Pop-up restaurants and delivery services are being launched across the borough to sustain chefs during COVID-19, while giving a new outlet for their culinary skills.
kamayan
Photo: Erika Costa and Kamayan Box

The restaurant industry has been one of the hardest hit by COVID-19. But in adversity there is also opportunity, and chefs and hospitality staff in Brooklyn are showing how resilient and creative they are with the rise of pop-up restaurants.

Across the borough, current and former restaurant staff are striking out on their own to both sustain themselves and to try their hands at running their own businesses, often introducing diners to traditional foods from different countries and creating a whole new and authentic dining experience with them.

Contents of Kamayan Box
A traditional Kamayan Box. Photo: Erica Costa.

Erika Costa, a chef and manager with Bushwick cafe Baby Skips, recently launched the Kamayan Box, which serves traditional Filipino food -- with both meat and vegan options -- in a pizza box that can feed between two to four people.

"I feel like I found a solution to what people are looking for right now," Costa said. "Restaurants are closing left and right. We're looking for something new and something that's more exciting.

Costa releases her special menu on Instagram, where she also takes orders. Her most recent pop-up menu was over Thanksgiving and was fitting for the holiday with her saying, "you open a box you're just going to be like, whoa. This is a lot of food."

The ability for restaurants and their staff to transition to different models of work has become essential. In the United States the amount of people dining out has declined by a staggering 50%.

Almost 200,000 restaurant workers are now jobless and many beloved Brooklyn favorites have permanently closed. However, while there is undeniable adversity in the restaurant industry, some are using it as an opportunity.

Founder of Ada Supper Club, a Black and female chef centered business, Nkem Oghedo said the rise of pop-up restaurants was a good thing for the industry, which she said needed change.

Food from Ada Supper Club
Food from Ada Supper Club. Photo: Kelsey Cher.

Oghedo likened some of the experiences of chefs in the hospitality business to "modern day slavery" and said Ada Supper Club was creating "space and for these chefs to tell stories in their own terms."

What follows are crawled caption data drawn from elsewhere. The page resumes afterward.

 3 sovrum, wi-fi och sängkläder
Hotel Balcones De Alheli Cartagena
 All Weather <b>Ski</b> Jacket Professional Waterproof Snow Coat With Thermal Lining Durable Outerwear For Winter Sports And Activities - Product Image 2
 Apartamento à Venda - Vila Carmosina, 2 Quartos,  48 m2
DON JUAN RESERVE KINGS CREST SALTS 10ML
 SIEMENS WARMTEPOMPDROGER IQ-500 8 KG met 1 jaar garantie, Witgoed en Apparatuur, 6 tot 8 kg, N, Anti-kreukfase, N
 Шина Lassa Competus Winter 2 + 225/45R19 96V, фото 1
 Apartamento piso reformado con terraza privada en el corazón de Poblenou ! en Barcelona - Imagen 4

"People were being abused left and right, and whole bunch of nonsense was going on. And so, as much as it's a tragedy that people are losing jobs and some of our favorite restaurants are going under at the same time, I think the shake-up is necessary," Oghedo said. "Because a lot of the industry was just abusive."

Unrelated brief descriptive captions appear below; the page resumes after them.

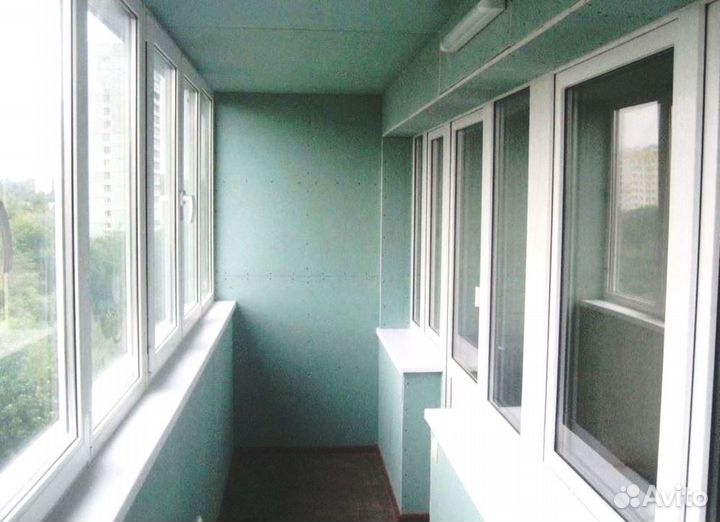 Пластиковые окна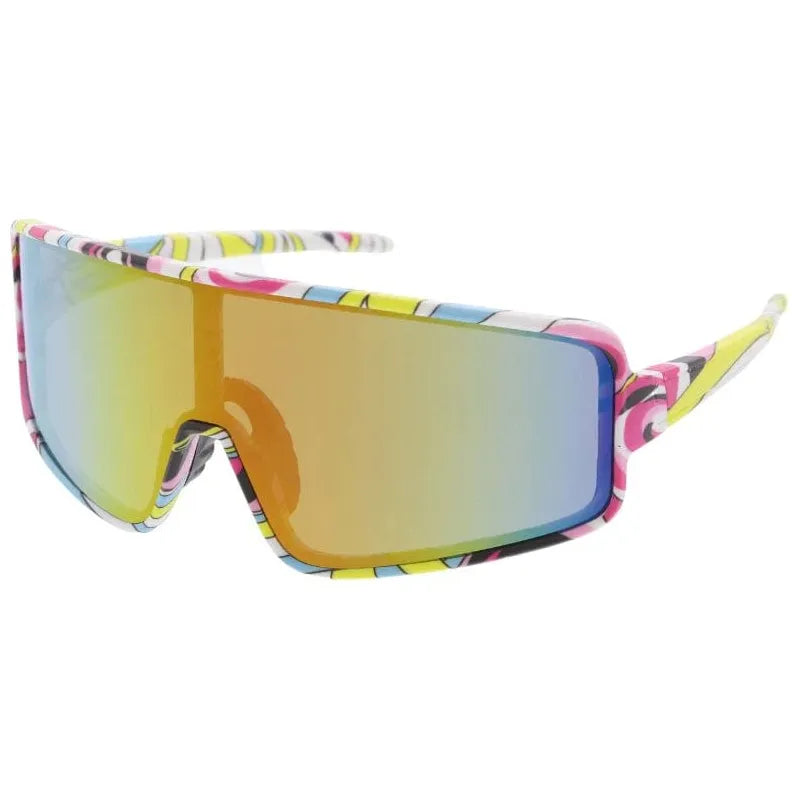 Men's Plastic Sport Glasses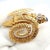 Late 20th Century Rare Ilias Lalaounis Yellow Gold Ram Ares Diamond Ruby Sapphire Large Brooch For Sale - Image 13 of 14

Oghedo delivers meals cooked by a range of chefs focused on traditional African cuisine to homes in order to "curate intentional dining experiences that combine Black and female perspectives with elegant contemporary aesthetics." You can get more information and join the waitlist here.

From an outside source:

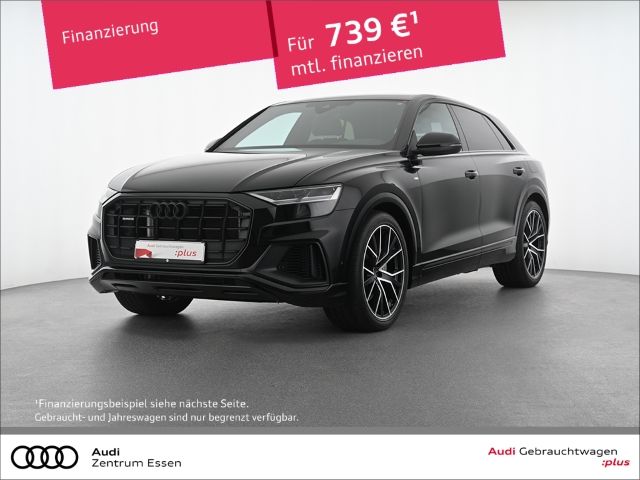 Audi Q8 50.174 km 57.380 &euro; Essen 45143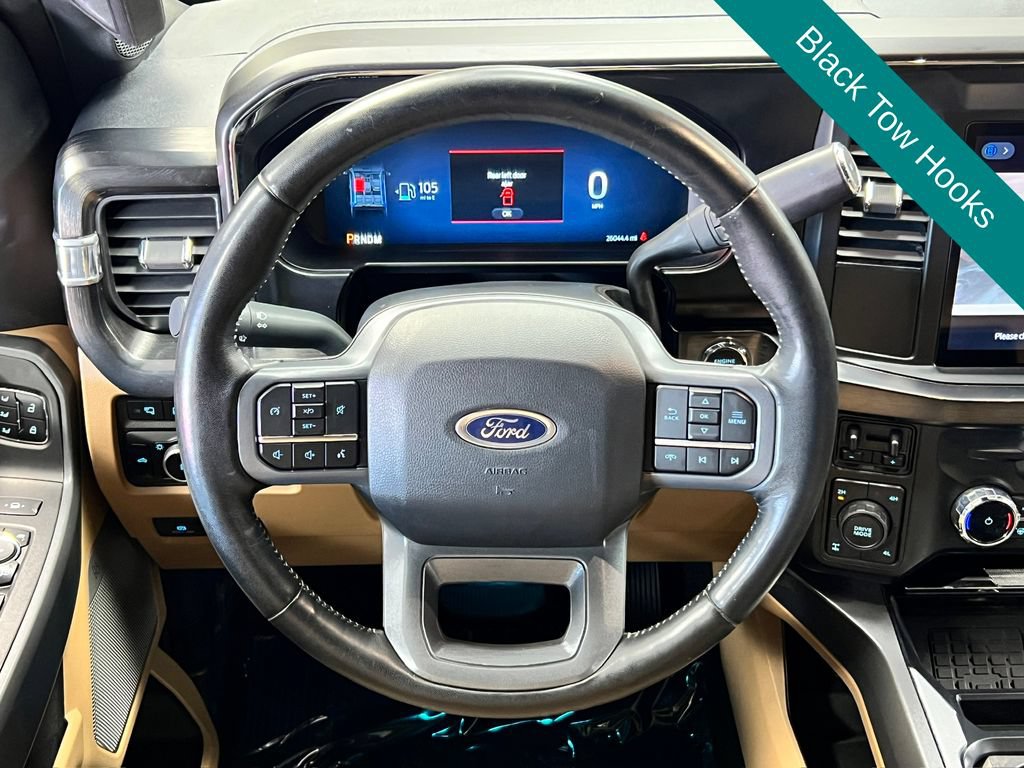 Used 2023 Ford F250 Lariat w/ Sport Appearance Package AWD/4WD image 30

Jessica and Trina Quinn. Photo: Instagram.

Jessica and Trina Quinn, who worked as chefs at separate restaurants before the pandemic, made a decision to start serving Eastern European comfort food out of their Bed-Stuy home.

They called their restaurant Dacha and have committed themselves to it with no plans of going back to working for someone else, which Jessica Quinn predicted to be the beginning of a trend.

"For the most part a lot of our colleagues in the industry who used to work in restaurants and no longer work in restaurants, it seems like whatever projects they're currently working on or it's going to be more of a long-lasting thing than people realize," Quin said.

"If you ask me, I'd say the majority of the people that you see running pop-ups will either continue running pop-ups or eventually those pop-ups will turn into actual brick and mortar businesses."